[Work item]: The response should be a faithful copy of every record, with nothing left out.

Stored items
# # # # #

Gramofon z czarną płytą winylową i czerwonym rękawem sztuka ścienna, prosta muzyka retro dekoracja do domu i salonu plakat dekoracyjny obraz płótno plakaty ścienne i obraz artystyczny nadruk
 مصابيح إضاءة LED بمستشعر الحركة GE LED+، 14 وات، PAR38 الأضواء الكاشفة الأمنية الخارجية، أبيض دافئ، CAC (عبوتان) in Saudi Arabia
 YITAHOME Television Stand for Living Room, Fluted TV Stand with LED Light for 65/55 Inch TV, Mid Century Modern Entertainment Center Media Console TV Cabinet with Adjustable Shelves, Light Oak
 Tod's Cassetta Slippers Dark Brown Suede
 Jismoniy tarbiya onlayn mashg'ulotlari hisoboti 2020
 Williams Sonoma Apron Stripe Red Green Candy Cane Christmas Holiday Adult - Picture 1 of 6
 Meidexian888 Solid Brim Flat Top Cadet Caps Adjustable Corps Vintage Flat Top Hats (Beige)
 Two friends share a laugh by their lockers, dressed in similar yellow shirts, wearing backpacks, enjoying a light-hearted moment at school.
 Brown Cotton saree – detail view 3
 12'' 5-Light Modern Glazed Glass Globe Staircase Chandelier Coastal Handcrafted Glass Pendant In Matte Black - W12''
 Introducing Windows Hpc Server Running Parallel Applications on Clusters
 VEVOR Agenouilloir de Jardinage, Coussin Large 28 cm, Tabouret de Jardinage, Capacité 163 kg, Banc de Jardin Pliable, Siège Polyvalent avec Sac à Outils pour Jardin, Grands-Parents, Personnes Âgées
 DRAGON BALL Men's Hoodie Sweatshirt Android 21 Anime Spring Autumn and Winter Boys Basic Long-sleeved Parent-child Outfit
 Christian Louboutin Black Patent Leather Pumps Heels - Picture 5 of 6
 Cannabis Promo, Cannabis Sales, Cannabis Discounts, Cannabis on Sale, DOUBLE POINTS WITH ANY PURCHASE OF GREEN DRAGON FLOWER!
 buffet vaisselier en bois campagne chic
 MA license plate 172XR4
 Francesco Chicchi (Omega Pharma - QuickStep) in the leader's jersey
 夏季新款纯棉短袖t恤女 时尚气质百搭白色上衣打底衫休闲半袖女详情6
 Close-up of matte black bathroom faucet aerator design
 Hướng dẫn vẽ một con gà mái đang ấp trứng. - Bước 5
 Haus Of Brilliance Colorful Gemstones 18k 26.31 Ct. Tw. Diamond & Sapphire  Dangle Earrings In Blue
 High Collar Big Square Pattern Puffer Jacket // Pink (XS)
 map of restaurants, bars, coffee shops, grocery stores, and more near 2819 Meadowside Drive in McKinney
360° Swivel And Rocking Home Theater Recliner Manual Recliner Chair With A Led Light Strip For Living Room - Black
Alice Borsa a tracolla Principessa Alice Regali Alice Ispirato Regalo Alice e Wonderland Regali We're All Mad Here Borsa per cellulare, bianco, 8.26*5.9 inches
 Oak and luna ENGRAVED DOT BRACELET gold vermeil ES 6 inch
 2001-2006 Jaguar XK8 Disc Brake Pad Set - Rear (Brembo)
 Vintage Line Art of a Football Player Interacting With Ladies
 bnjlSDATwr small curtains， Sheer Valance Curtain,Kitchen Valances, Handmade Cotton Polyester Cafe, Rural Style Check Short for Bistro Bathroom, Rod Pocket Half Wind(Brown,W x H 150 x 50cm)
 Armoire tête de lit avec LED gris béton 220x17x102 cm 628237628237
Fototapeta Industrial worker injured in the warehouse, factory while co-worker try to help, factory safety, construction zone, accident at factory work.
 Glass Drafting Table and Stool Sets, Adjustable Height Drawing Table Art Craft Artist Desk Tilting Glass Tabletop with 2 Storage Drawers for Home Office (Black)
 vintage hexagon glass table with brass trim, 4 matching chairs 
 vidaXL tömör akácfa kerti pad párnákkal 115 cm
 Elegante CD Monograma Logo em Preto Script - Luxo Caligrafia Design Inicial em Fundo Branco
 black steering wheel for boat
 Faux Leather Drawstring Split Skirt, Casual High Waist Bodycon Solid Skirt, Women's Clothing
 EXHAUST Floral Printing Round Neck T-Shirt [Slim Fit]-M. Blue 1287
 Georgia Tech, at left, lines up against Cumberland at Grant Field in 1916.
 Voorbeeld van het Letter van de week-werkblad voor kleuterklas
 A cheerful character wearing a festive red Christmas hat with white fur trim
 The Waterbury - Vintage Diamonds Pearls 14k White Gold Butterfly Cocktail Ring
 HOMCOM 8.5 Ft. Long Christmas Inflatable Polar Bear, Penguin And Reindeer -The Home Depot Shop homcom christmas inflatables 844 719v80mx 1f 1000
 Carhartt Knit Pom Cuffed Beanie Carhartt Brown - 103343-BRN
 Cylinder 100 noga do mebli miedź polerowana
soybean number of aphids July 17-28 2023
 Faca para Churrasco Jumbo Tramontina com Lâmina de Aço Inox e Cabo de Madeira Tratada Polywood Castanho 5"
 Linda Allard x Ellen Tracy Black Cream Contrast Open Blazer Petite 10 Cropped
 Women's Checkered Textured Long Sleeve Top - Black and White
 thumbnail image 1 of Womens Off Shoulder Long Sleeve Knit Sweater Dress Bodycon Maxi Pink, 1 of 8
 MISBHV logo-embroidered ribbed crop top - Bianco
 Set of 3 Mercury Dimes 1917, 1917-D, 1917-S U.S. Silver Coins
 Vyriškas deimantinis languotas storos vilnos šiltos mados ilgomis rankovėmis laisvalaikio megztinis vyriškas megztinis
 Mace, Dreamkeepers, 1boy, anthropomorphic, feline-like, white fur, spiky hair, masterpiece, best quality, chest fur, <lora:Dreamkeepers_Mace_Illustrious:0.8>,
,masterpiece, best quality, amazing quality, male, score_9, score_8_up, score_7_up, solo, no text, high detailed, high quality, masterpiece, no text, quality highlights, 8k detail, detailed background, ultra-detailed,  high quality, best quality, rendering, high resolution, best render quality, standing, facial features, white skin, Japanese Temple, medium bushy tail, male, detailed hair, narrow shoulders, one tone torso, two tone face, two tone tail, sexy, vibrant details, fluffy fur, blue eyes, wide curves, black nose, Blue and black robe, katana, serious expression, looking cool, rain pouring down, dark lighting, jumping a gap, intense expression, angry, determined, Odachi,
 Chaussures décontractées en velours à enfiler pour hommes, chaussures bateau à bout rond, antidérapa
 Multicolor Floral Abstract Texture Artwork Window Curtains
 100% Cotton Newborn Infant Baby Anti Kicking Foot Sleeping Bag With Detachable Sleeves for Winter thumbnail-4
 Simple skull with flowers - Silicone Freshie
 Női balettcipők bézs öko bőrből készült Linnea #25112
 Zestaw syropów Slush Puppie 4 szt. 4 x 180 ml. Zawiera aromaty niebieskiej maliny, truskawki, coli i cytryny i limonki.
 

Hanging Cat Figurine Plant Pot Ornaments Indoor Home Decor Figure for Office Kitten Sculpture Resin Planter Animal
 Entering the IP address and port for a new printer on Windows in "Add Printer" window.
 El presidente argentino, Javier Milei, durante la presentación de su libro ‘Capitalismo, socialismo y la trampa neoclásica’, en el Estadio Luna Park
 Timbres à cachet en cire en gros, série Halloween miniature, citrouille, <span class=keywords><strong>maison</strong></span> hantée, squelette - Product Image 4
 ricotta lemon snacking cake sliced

# # # # #

[Task solution]:
Gramofon z czarną płytą winylową i czerwonym rękawem sztuka ścienna, prosta muzyka retro dekoracja do domu i salonu plakat dekoracyjny obraz płótno plakaty ścienne i obraz artystyczny nadruk
 مصابيح إضاءة LED بمستشعر الحركة GE LED+، 14 وات، PAR38 الأضواء الكاشفة الأمنية الخارجية، أبيض دافئ، CAC (عبوتان) in Saudi Arabia
 YITAHOME Television Stand for Living Room, Fluted TV Stand with LED Light for 65/55 Inch TV, Mid Century Modern Entertainment Center Media Console TV Cabinet with Adjustable Shelves, Light Oak
 Tod's Cassetta Slippers Dark Brown Suede
 Jismoniy tarbiya onlayn mashg'ulotlari hisoboti 2020
 Williams Sonoma Apron Stripe Red Green Candy Cane Christmas Holiday Adult - Picture 1 of 6
 Meidexian888 Solid Brim Flat Top Cadet Caps Adjustable Corps Vintage Flat Top Hats (Beige)
 Two friends share a laugh by their lockers, dressed in similar yellow shirts, wearing backpacks, enjoying a light-hearted moment at school.
 Brown Cotton saree – detail view 3
 12'' 5-Light Modern Glazed Glass Globe Staircase Chandelier Coastal Handcrafted Glass Pendant In Matte Black - W12''
 Introducing Windows Hpc Server Running Parallel Applications on Clusters
 VEVOR Agenouilloir de Jardinage, Coussin Large 28 cm, Tabouret de Jardinage, Capacité 163 kg, Banc de Jardin Pliable, Siège Polyvalent avec Sac à Outils pour Jardin, Grands-Parents, Personnes Âgées
 DRAGON BALL Men's Hoodie Sweatshirt Android 21 Anime Spring Autumn and Winter Boys Basic Long-sleeved Parent-child Outfit
 Christian Louboutin Black Patent Leather Pumps Heels - Picture 5 of 6
 Cannabis Promo, Cannabis Sales, Cannabis Discounts, Cannabis on Sale, DOUBLE POINTS WITH ANY PURCHASE OF GREEN DRAGON FLOWER!
 buffet vaisselier en bois campagne chic
 MA license plate 172XR4
 Francesco Chicchi (Omega Pharma - QuickStep) in the leader's jersey
 夏季新款纯棉短袖t恤女 时尚气质百搭白色上衣打底衫休闲半袖女详情6
 Close-up of matte black bathroom faucet aerator design
 Hướng dẫn vẽ một con gà mái đang ấp trứng. - Bước 5
 Haus Of Brilliance Colorful Gemstones 18k 26.31 Ct. Tw. Diamond & Sapphire  Dangle Earrings In Blue
 High Collar Big Square Pattern Puffer Jacket // Pink (XS)
 map of restaurants, bars, coffee shops, grocery stores, and more near 2819 Meadowside Drive in McKinney
360° Swivel And Rocking Home Theater Recliner Manual Recliner Chair With A Led Light Strip For Living Room - Black
Alice Borsa a tracolla Principessa Alice Regali Alice Ispirato Regalo Alice e Wonderland Regali We're All Mad Here Borsa per cellulare, bianco, 8.26*5.9 inches
 Oak and luna ENGRAVED DOT BRACELET gold vermeil ES 6 inch
 2001-2006 Jaguar XK8 Disc Brake Pad Set - Rear (Brembo)
 Vintage Line Art of a Football Player Interacting With Ladies
 bnjlSDATwr small curtains， Sheer Valance Curtain,Kitchen Valances, Handmade Cotton Polyester Cafe, Rural Style Check Short for Bistro Bathroom, Rod Pocket Half Wind(Brown,W x H 150 x 50cm)
 Armoire tête de lit avec LED gris béton 220x17x102 cm 628237628237
Fototapeta Industrial worker injured in the warehouse, factory while co-worker try to help, factory safety, construction zone, accident at factory work.
 Glass Drafting Table and Stool Sets, Adjustable Height Drawing Table Art Craft Artist Desk Tilting Glass Tabletop with 2 Storage Drawers for Home Office (Black)
 vintage hexagon glass table with brass trim, 4 matching chairs 
 vidaXL tömör akácfa kerti pad párnákkal 115 cm
 Elegante CD Monograma Logo em Preto Script - Luxo Caligrafia Design Inicial em Fundo Branco
 black steering wheel for boat
 Faux Leather Drawstring Split Skirt, Casual High Waist Bodycon Solid Skirt, Women's Clothing
 EXHAUST Floral Printing Round Neck T-Shirt [Slim Fit]-M. Blue 1287
 Georgia Tech, at left, lines up against Cumberland at Grant Field in 1916.
 Voorbeeld van het Letter van de week-werkblad voor kleuterklas
 A cheerful character wearing a festive red Christmas hat with white fur trim
 The Waterbury - Vintage Diamonds Pearls 14k White Gold Butterfly Cocktail Ring
 HOMCOM 8.5 Ft. Long Christmas Inflatable Polar Bear, Penguin And Reindeer -The Home Depot Shop homcom christmas inflatables 844 719v80mx 1f 1000
 Carhartt Knit Pom Cuffed Beanie Carhartt Brown - 103343-BRN
 Cylinder 100 noga do mebli miedź polerowana
soybean number of aphids July 17-28 2023
 Faca para Churrasco Jumbo Tramontina com Lâmina de Aço Inox e Cabo de Madeira Tratada Polywood Castanho 5"
 Linda Allard x Ellen Tracy Black Cream Contrast Open Blazer Petite 10 Cropped
 Women's Checkered Textured Long Sleeve Top - Black and White
 thumbnail image 1 of Womens Off Shoulder Long Sleeve Knit Sweater Dress Bodycon Maxi Pink, 1 of 8
 MISBHV logo-embroidered ribbed crop top - Bianco
 Set of 3 Mercury Dimes 1917, 1917-D, 1917-S U.S. Silver Coins
 Vyriškas deimantinis languotas storos vilnos šiltos mados ilgomis rankovėmis laisvalaikio megztinis vyriškas megztinis
 Mace, Dreamkeepers, 1boy, anthropomorphic, feline-like, white fur, spiky hair, masterpiece, best quality, chest fur, <lora:Dreamkeepers_Mace_Illustrious:0.8>,
,masterpiece, best quality, amazing quality, male, score_9, score_8_up, score_7_up, solo, no text, high detailed, high quality, masterpiece, no text, quality highlights, 8k detail, detailed background, ultra-detailed,  high quality, best quality, rendering, high resolution, best render quality, standing, facial features, white skin, Japanese Temple, medium bushy tail, male, detailed hair, narrow shoulders, one tone torso, two tone face, two tone tail, sexy, vibrant details, fluffy fur, blue eyes, wide curves, black nose, Blue and black robe, katana, serious expression, looking cool, rain pouring down, dark lighting, jumping a gap, intense expression, angry, determined, Odachi,
 Chaussures décontractées en velours à enfiler pour hommes, chaussures bateau à bout rond, antidérapa
 Multicolor Floral Abstract Texture Artwork Window Curtains
 100% Cotton Newborn Infant Baby Anti Kicking Foot Sleeping Bag With Detachable Sleeves for Winter thumbnail-4
 Simple skull with flowers - Silicone Freshie
 Női balettcipők bézs öko bőrből készült Linnea #25112
 Zestaw syropów Slush Puppie 4 szt. 4 x 180 ml. Zawiera aromaty niebieskiej maliny, truskawki, coli i cytryny i limonki.
 

Hanging Cat Figurine Plant Pot Ornaments Indoor Home Decor Figure for Office Kitten Sculpture Resin Planter Animal
 Entering the IP address and port for a new printer on Windows in "Add Printer" window.
 El presidente argentino, Javier Milei, durante la presentación de su libro ‘Capitalismo, socialismo y la trampa neoclásica’, en el Estadio Luna Park
 Timbres à cachet en cire en gros, série Halloween miniature, citrouille, <span class=keywords><strong>maison</strong></span> hantée, squelette - Product Image 4
 ricotta lemon snacking cake sliced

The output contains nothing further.